Ruling out formulations tending to higher viscosity values (>25cP) and displaying thermal denaturation, we arrived at 11 candidates to probe for in vivo experimentation (Figure 1A). Subcutaneous bioavailability of 11 different DESs formulated with IgG antibody (100 mg/mL) was compared to naked antibody formulated in saline within a mouse model. Results from an initial 6 day study indicated both comparable and far improved pharmacokinetics of DES-antibody in comparison to saline. Such a range can be attributed to a combination of different viscosity profiles and interactions between free DES ionic species and surrounding ECM encouraging tissue. From these 11 tested candidates, 5 DES-antibody formulations were probed for an extended study over 21 days. Relative bioavailability values for DES-antibody candidates and a saline control injected subcutaneously were compared to an intravenous injection of saline control.
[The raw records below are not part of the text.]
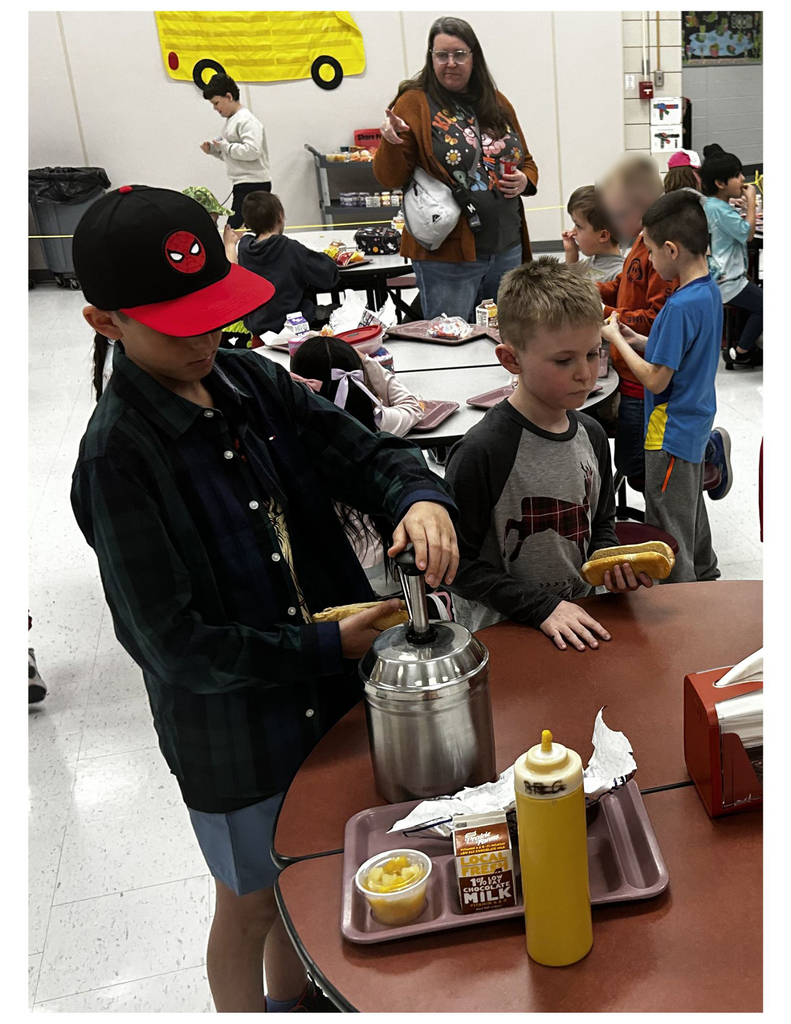 two studetns getting condiments for hot dogs in a cafeteria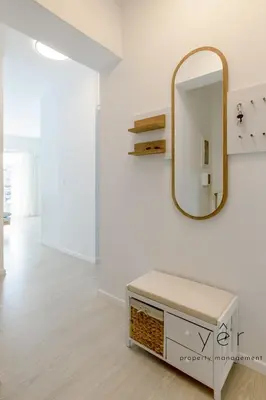 a dressing room with a mirror and a bench at Shell-Charm w/Sea View & Parking in Piraeus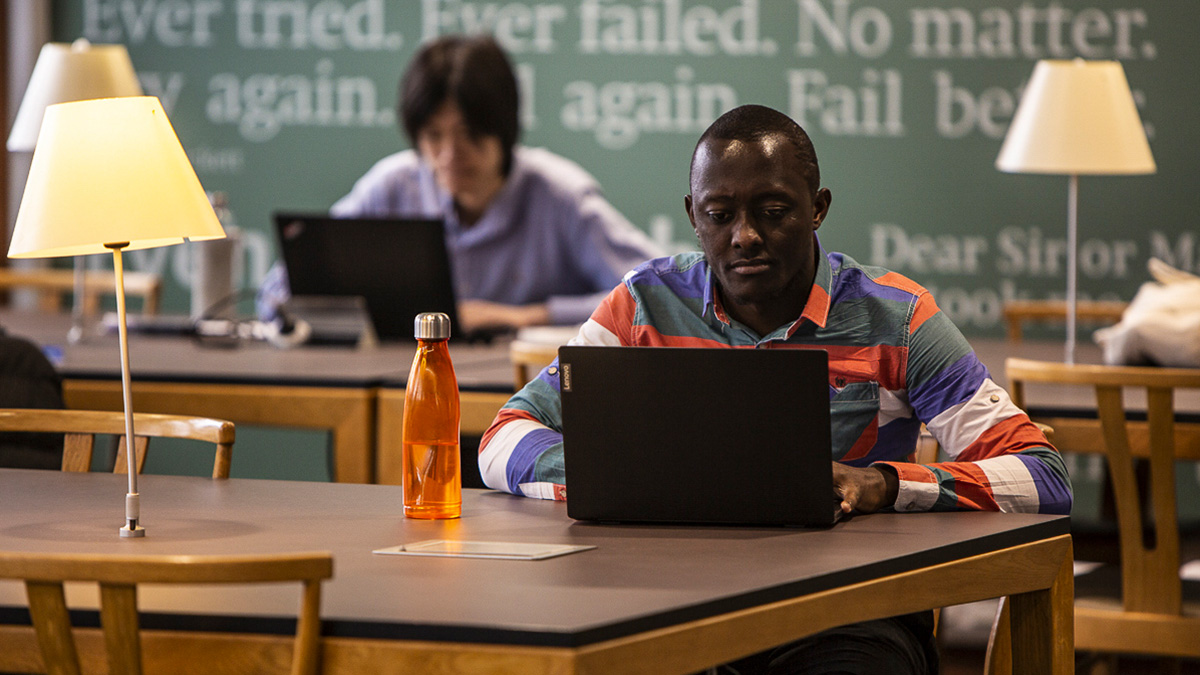 男学生坐在图书馆的桌子上用笔记本电脑学习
Select DES-antibody candidates displayed an increase by 2-5 fold (85-250%) in bioavailability as compared to saline control (47%) when injected into subcutaneous tissue (Figure 1B).
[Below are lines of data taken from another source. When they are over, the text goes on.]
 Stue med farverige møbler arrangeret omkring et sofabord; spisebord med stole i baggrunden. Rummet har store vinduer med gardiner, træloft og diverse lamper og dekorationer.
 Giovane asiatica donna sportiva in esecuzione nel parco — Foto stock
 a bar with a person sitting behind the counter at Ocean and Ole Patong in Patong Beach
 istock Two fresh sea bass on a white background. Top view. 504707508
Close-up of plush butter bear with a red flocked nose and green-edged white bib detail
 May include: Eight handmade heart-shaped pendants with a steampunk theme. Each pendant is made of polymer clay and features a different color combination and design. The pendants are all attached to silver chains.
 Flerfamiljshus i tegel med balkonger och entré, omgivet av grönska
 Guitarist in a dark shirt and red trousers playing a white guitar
The high potential of our DES-antibody formulations for subcutaneous antibody therapy at a clinically relevant concentration (100 mg/mL) has been highlighted in our in vitro and in vivo studies thus far. This presents an exciting opportunity for incorporation of DESs as excipients in concentrated protein therapeutic formulations. We seek to further elucidate the relationship between DES and antibody aggregation through fundamental lenses of electrostatic and hydrophobic parameters as to probe higher the concentration barrier to an even greater extent (300 mg/mL). Currently, through optimization of implicative variables such as conductivity and surface tension for a range of neat DESs, we have extrapolated a mathematical model for prediction of viscosity in final formulation containing antibody (Figure 2). Ongoing studies demonstrate the potential of using facile techniques to predict injectability of concentrated protein therapeutic formulations in the absence of protein itself, leading to an effective cost saving measure in subcutaneous therapy development.

Figure Captions

Figure 1: A) Shear sweep rheology for synthesized DESs formulated at 10% (v/v) with 100 mg/mL of IgG antibody. B) 21 day serum concentration and bioavailability for candidate DES formulated at 10% (v/v) with 100 mg/mL IgG antibody in a subcutaneous mouse model.

Figure 2: Experimental viscosity (red), conductivity (black), and model predicted viscosity (green) of DES formulated with 300 mg/mL IgG antibody as a function of DES concentration. Vertical lines represent locations of minimum and maximum values for associated colored curve. Horizontal line (blue) represents viscosity threshold for injectable subcutaneous therapeutic formulations (25cP).